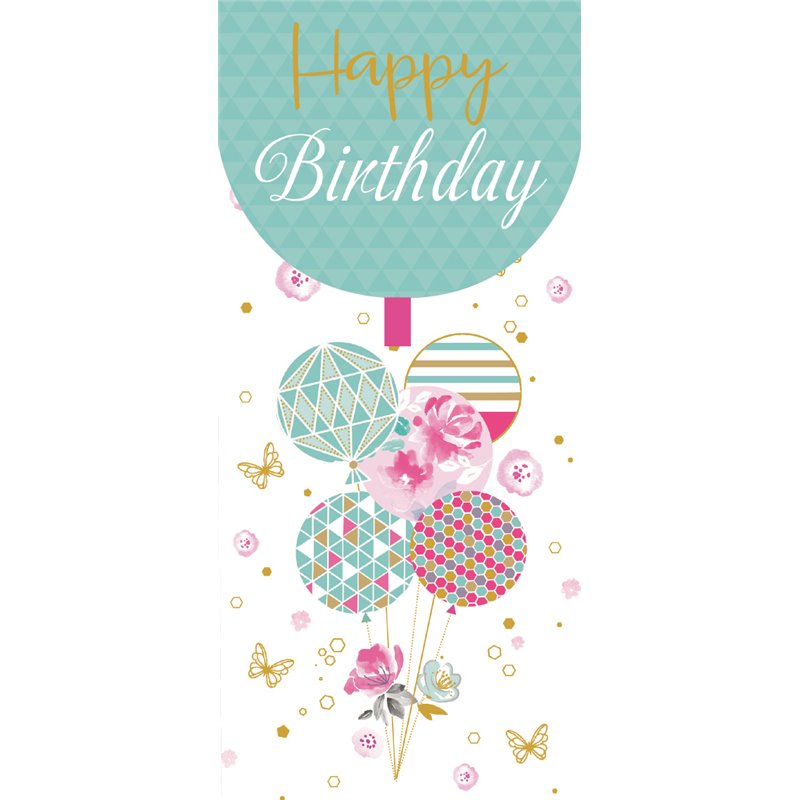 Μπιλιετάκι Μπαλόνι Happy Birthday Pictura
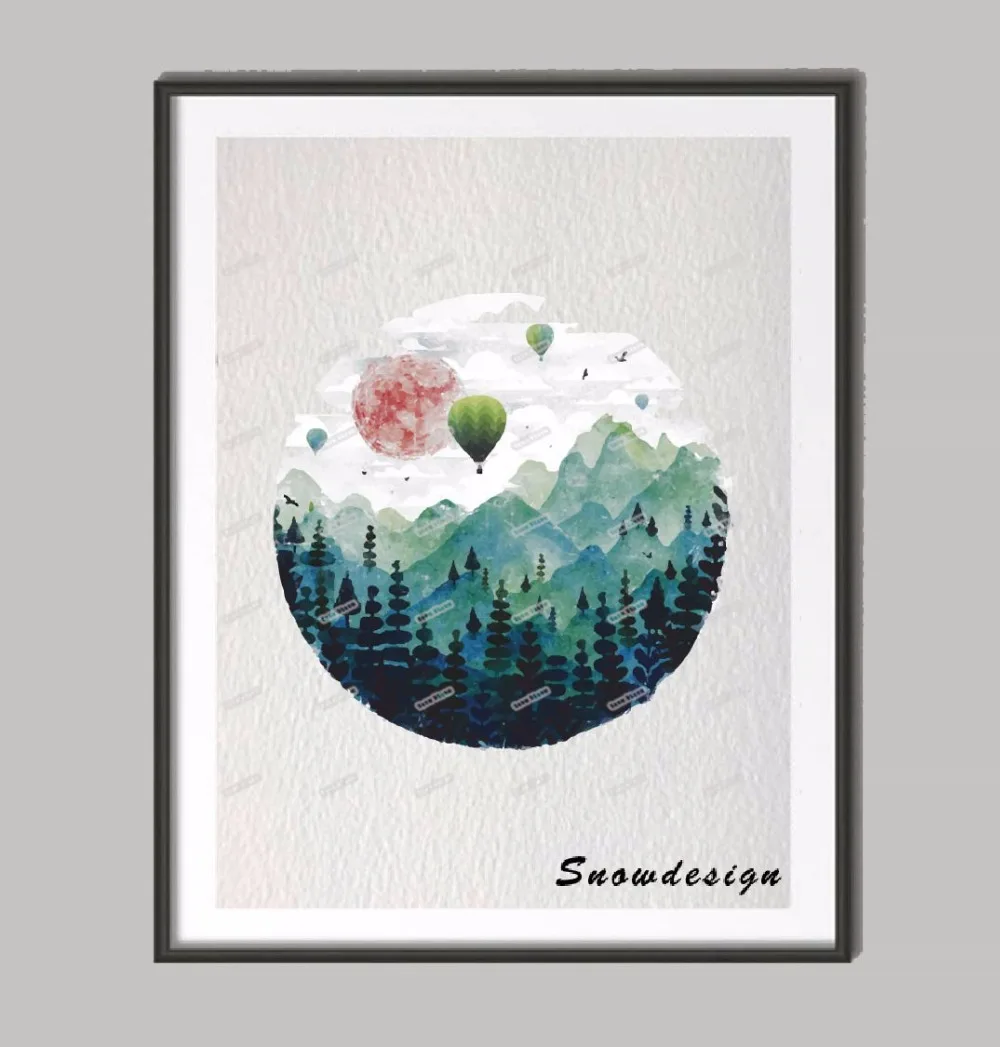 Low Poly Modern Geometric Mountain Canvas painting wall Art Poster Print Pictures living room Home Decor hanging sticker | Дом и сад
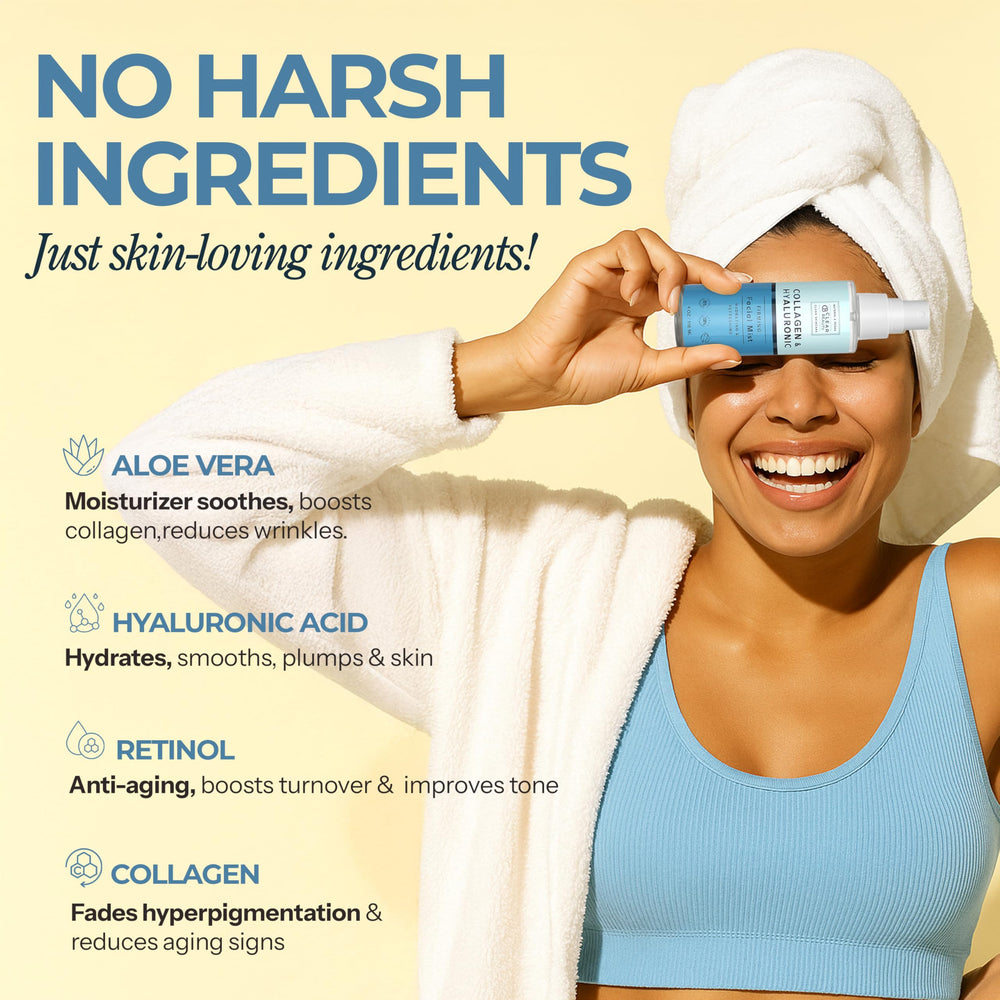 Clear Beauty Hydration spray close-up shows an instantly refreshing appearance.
────────────────────
Activity: Make an exact copy of the whole listing, but don't bring over any pictures.

The answer:
 Μπιλιετάκι Μπαλόνι Happy Birthday Pictura
 Low Poly Modern Geometric Mountain Canvas painting wall Art Poster Print Pictures living room Home Decor hanging sticker | Дом и сад
 Clear Beauty Hydration spray close-up shows an instantly refreshing appearance.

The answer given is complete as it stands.